Police Powers to Search in New South Wales

The use of police powers, including search powers, are required to be done in accordance with the Law Enforcement (Powers and Responsibilities) Act 2002 (NSW).

Search powers without a warrant are largely contained within parts 4 and 15.

Pursuant to section 21, a police officer may, without a warrant, stop, search, and detain a person, if they suspect on reasonable grounds that a person possesses or controls something:

  • stolen or otherwise unlawfully obtained,
  • anything used or intended to be used in or in connection with the commission of a relevant offence,
  • considered a dangerous article in a public place that is being or was used in or in connection with the commission of a relevant offence,
  • considered a ‘prohibited drug’ or ‘prohibited plant’ in contravention of the Drug Misuse and Trafficking Act 1985 (NSW).

Subsequent to this, an officer is then allowed to seize and detain anything in the possession of or under the control of the person, if the items are connected to any of the above factors.

If searching someone pursuant to this section, and an officer suspects on reasonable grounds that the person being searched is concealing something in the mouth or hair, they may direct the person to:

  • to open their mouth to enable it to be searched, or
  • to shake, or otherwise move, their hair.

This provision does not authorise a police officer to forcibly open a person’s mouth.

However, failing or refusing to comply with such a direction, without reasonable excuse, attracts a maximum penalty of a $550 fine.

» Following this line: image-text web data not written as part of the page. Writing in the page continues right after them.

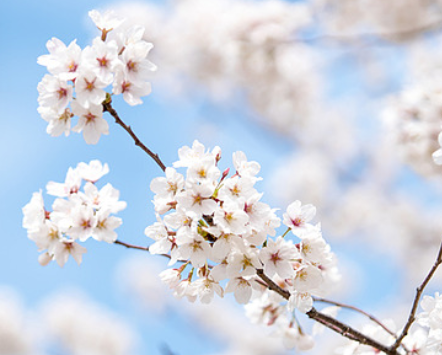 동촌유원지 벚꽃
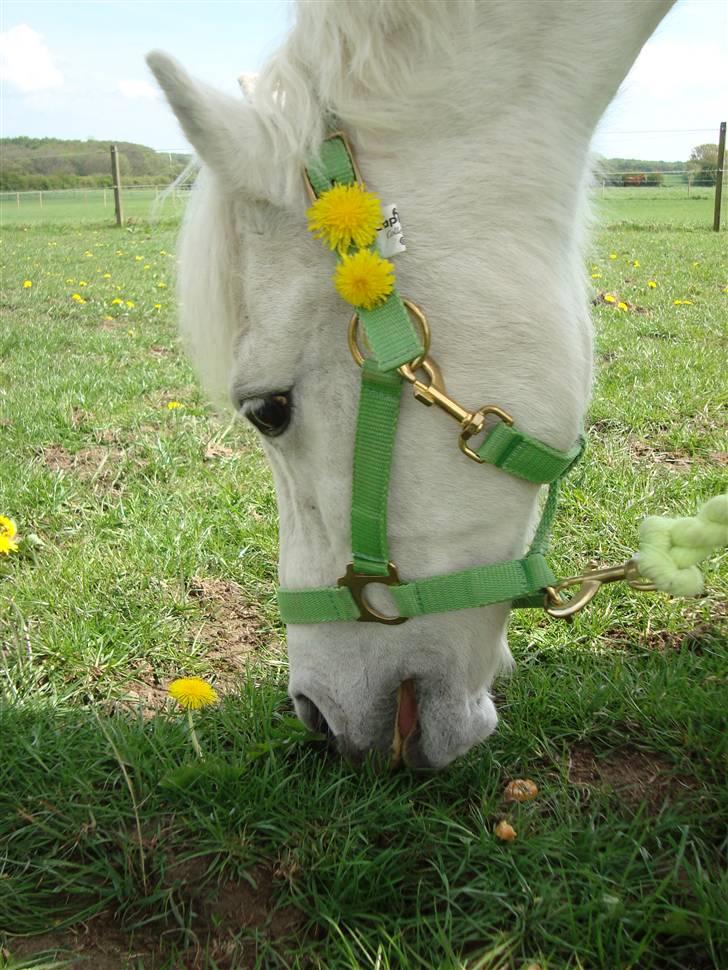 Welsh Pony (sec B) Korreborg's Wendy R.I.P billede 1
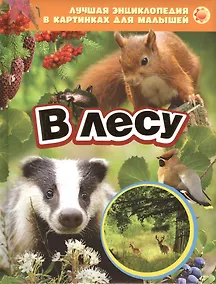 Купить В лесу — Фото №1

There are two main types of searches a police officer may carry out on a person:

  1. A ‘general search’
  2. A ‘strip search’.

Pursuant to section 30, in conducting a general search, a police officer may:

  • quickly run their hands over the person’s outer clothing,
  • require the person to remove their coat/jacket or similar article of clothing and any gloves, shoes, socks, and hat, (however, they cannot direct the removal of the person’s clothes),
  • examine anything in the possession of the person,
  • pass an electronic metal detection device over or in close proximity to the person’s outer clothing or anything removed from the person.

However, a ‘strip search’ is a much more invasive power, noting it involves the person removing all of their clothes.

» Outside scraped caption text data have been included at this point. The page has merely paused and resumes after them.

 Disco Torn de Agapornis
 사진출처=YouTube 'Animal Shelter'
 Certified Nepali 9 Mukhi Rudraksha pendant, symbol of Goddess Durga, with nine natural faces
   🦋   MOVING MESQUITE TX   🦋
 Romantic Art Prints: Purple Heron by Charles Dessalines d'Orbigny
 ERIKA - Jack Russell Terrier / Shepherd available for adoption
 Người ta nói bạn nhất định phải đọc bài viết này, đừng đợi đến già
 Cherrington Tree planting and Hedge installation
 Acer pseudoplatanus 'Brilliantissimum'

Pursuant to section 33, in conducting a strip search, a police officer should conduct the search in a private area, and not in the presence or view of a person who is of the opposite sex to the person being searched or whose presence is not necessary for the purposes of the search.

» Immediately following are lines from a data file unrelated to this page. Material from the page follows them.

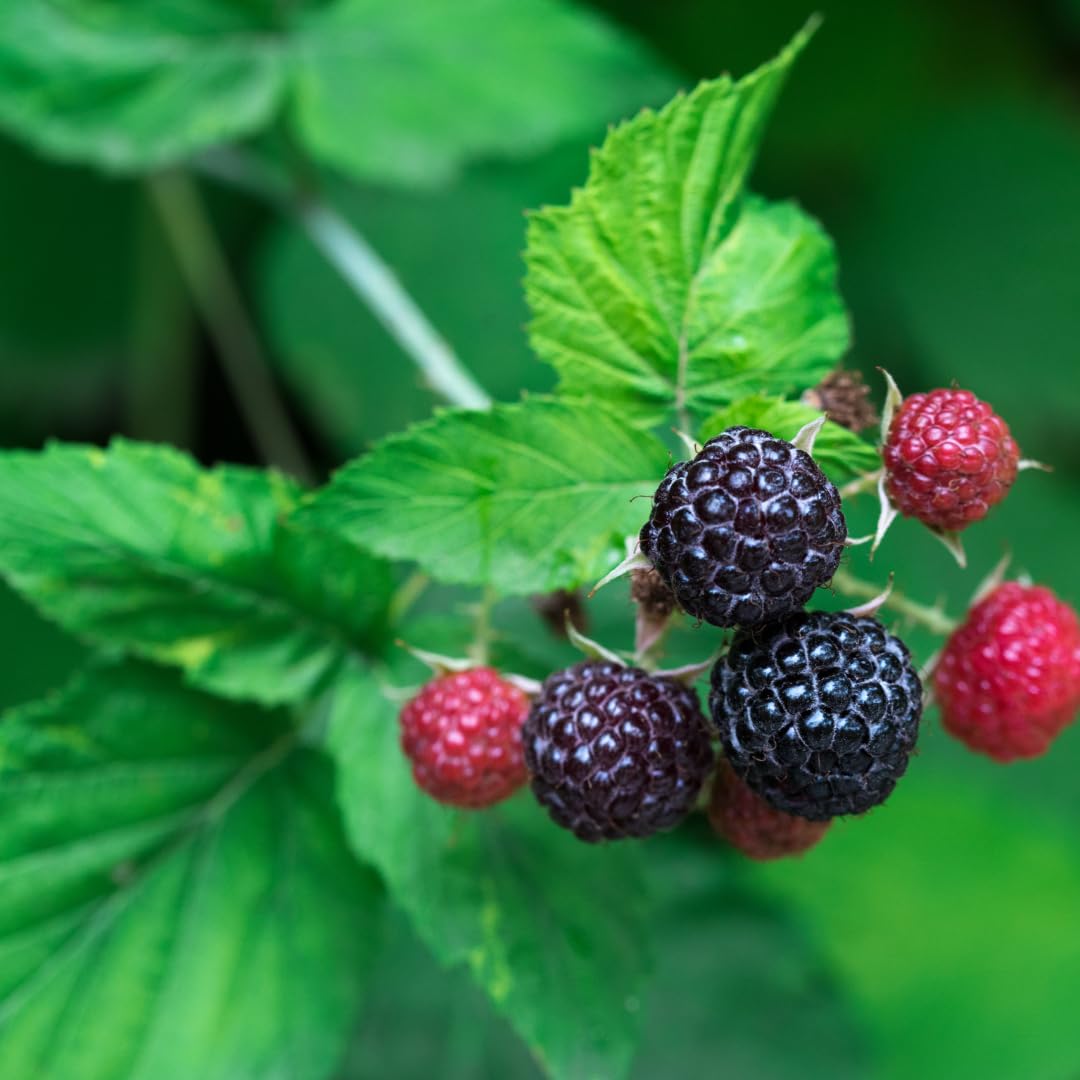 'Tahi' Black Raspberry Plant - Thornless Black Raspberry Plants - Live Plants (1)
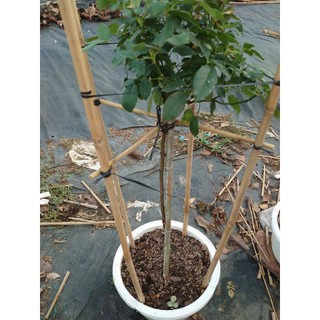 Chậu cây hoa hồng thân gỗ (cây 1 cốt dáng tree 3 năm tuổi cao 80-120cm) cây cảnh trang trí sân vườn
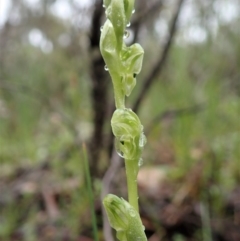 Hymenochilus cycnocephalus (Swan greenhood) at Holt, ACT - 6 Oct 2020 by CathB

These factors must be abided by where reasonably practicable in the circumstances.

Furthermore, a strip search must not involve:

  • a search of a person’s body cavities or an examination of the body by touch,
  • the removal of more clothes or more visual inspection than the person conducting the search believes on reasonable grounds to be reasonably necessary for the purposes of the search.

A distinction is made between strip searches at ‘a police station or other place of detention’ and in any other place.

If at a police station or other place of detention, an officer can strip search you if they suspect on reasonable grounds that the strip search is necessary for the purposes of the search, as outlined in section 31(a).

If carried out in any place other than a police station or place of detention, an officer must suspect on reasonable grounds that the strip search is necessary for the purposes of the search and that the seriousness and urgency of the circumstances make it necessary, according to section 31(b).

Whether a situation is ‘serious and urgent’ will depend on the facts of the situation and indicates that police must have a legitimate answer as to how the relevant situation fulfills this.